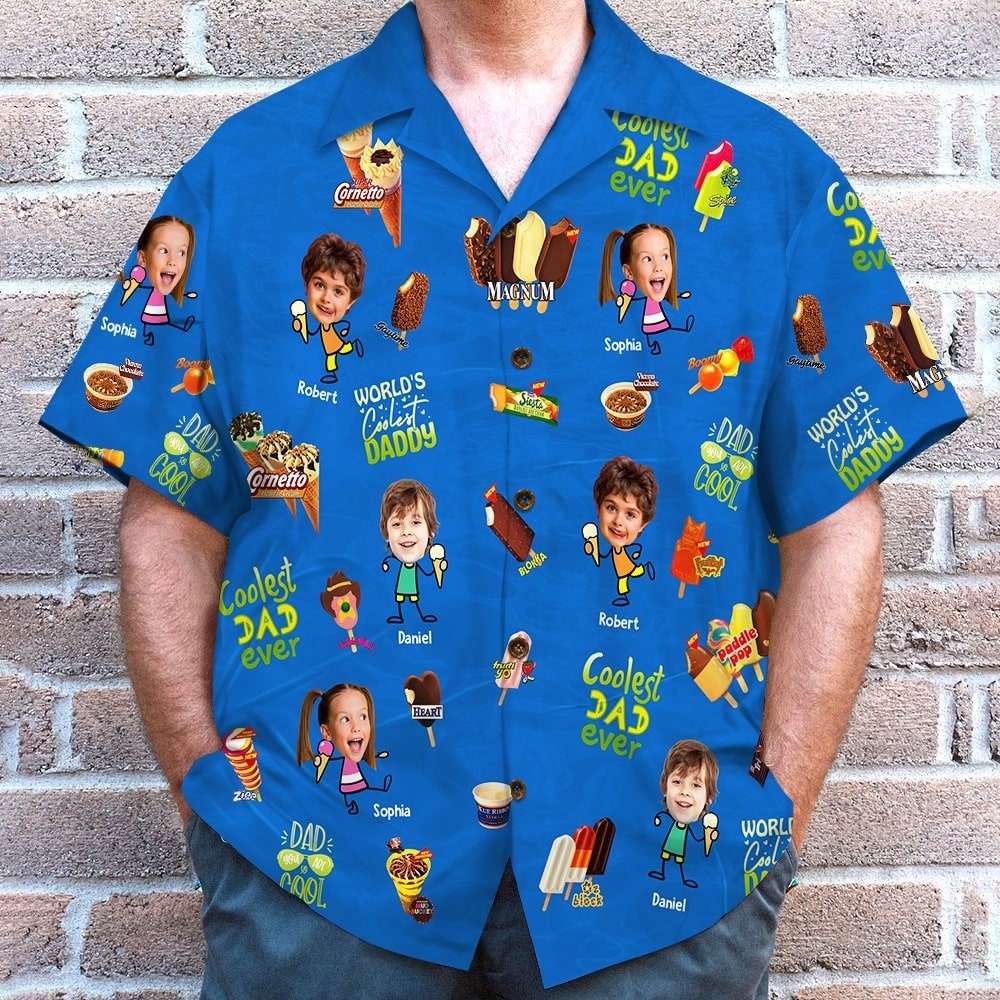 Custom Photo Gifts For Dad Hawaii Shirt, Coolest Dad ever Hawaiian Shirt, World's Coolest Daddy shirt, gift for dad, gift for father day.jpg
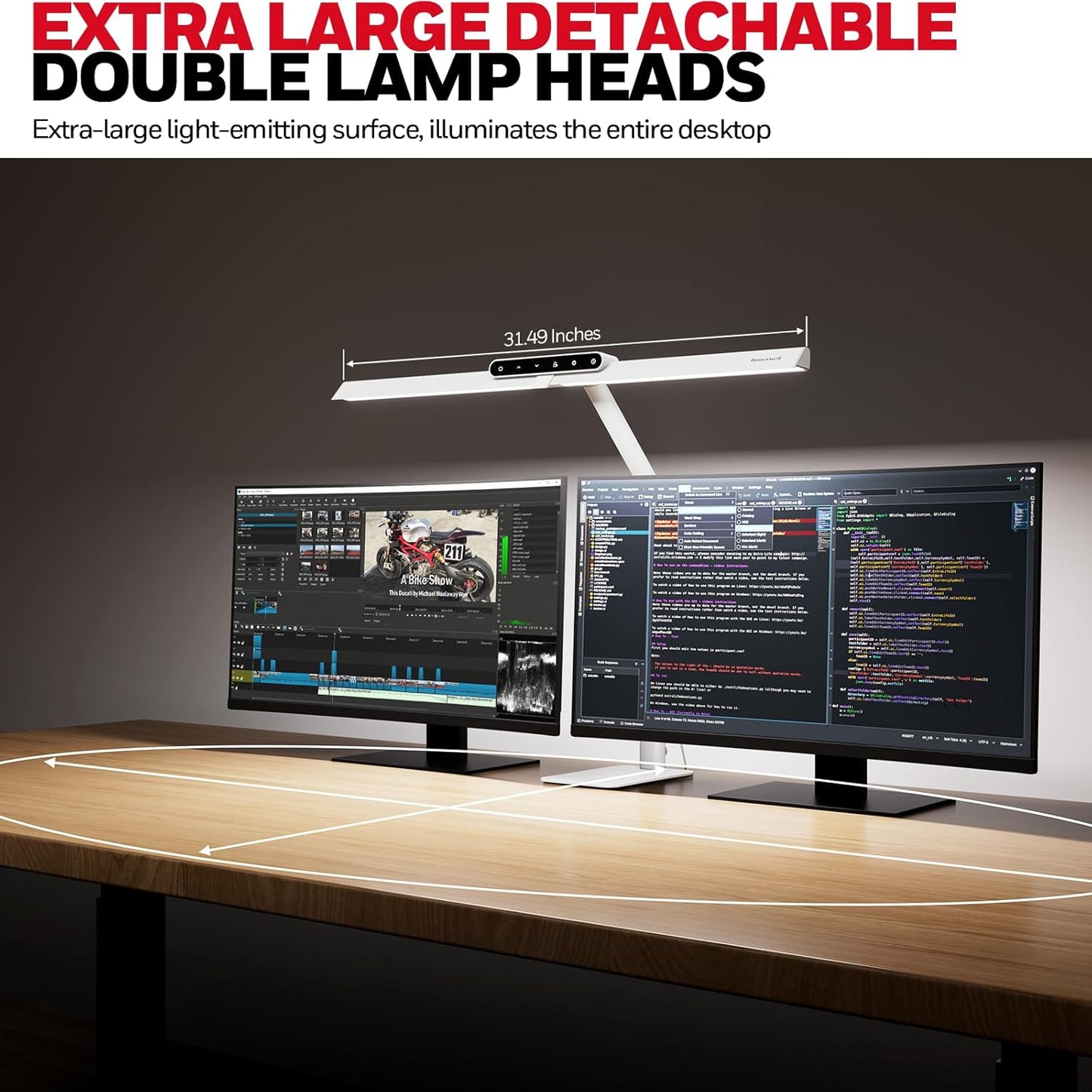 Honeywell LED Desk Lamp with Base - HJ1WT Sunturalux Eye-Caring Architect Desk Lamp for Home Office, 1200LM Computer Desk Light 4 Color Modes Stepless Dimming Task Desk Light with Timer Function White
:::
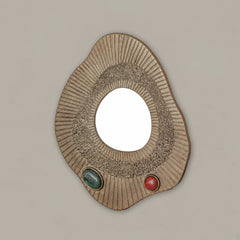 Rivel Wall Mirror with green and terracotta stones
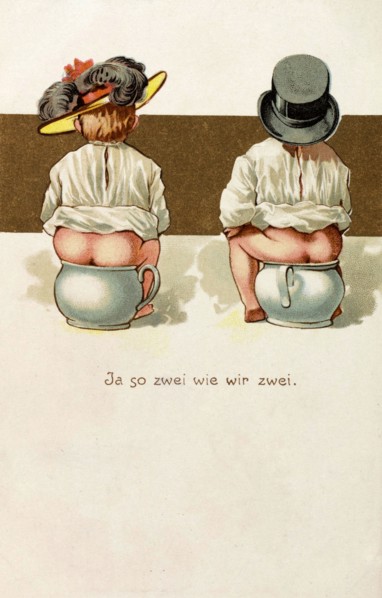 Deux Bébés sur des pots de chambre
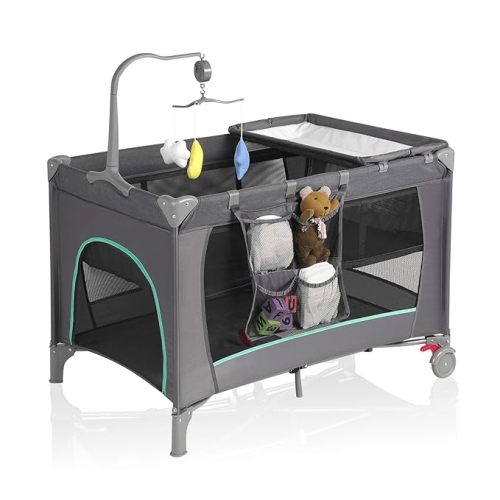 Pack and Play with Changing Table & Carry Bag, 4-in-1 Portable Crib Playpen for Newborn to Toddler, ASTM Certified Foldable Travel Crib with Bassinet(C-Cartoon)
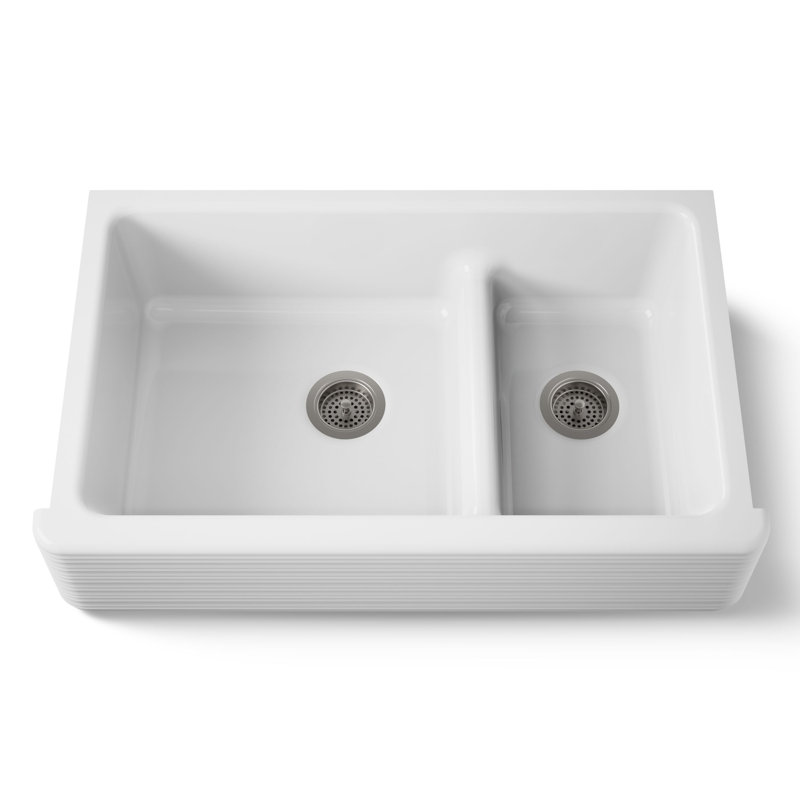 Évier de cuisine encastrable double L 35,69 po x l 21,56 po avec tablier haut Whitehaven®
:::
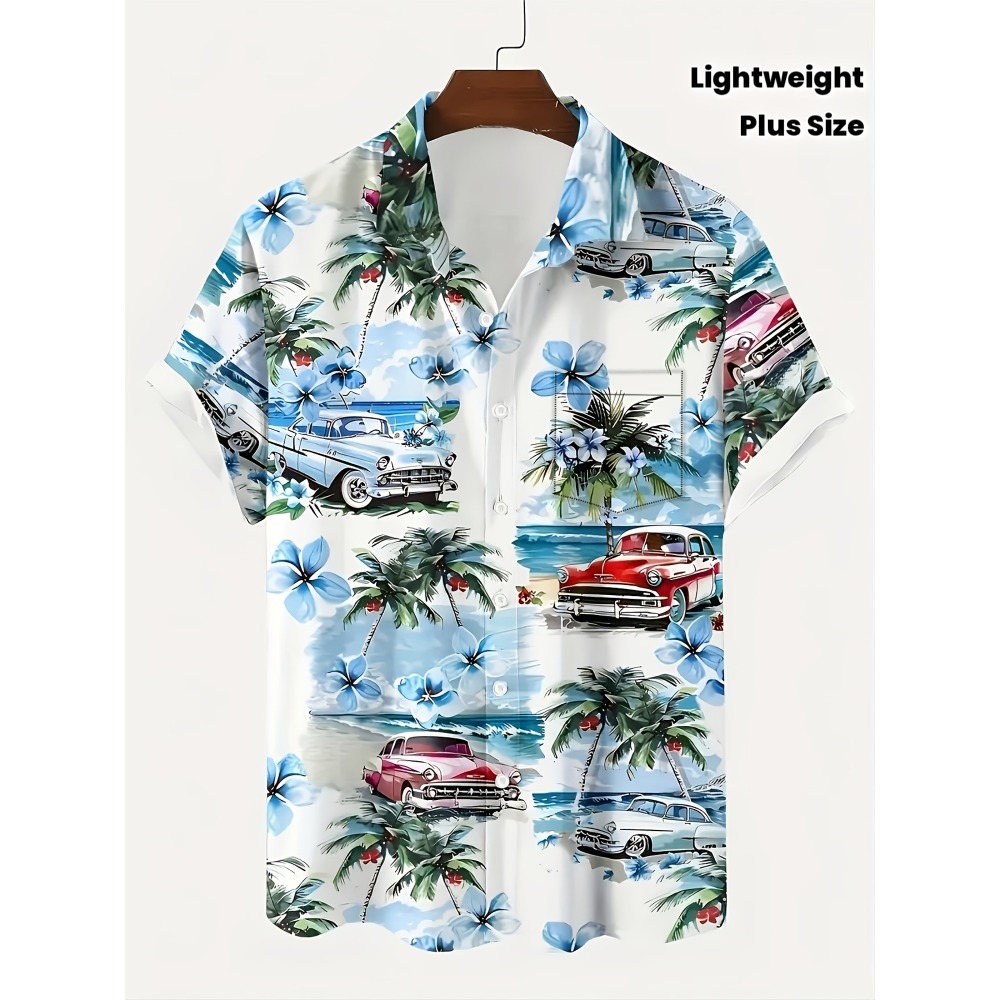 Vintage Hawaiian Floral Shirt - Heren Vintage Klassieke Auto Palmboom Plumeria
:::
» **WHAT IS BEING ASKED**:
In the listing above, find the line with "Custom Photo Gifts" and output it and every line after it up to and including the line with "Honeywell LED Desk", exactly, minus the pictures.

» **RESULT OF THE EXERCISE**:
 Custom Photo Gifts For Dad Hawaii Shirt, Coolest Dad ever Hawaiian Shirt, World's Coolest Daddy shirt, gift for dad, gift for father day.jpg
 Honeywell LED Desk Lamp with Base - HJ1WT Sunturalux Eye-Caring Architect Desk Lamp for Home Office, 1200LM Computer Desk Light 4 Color Modes Stepless Dimming Task Desk Light with Timer Function White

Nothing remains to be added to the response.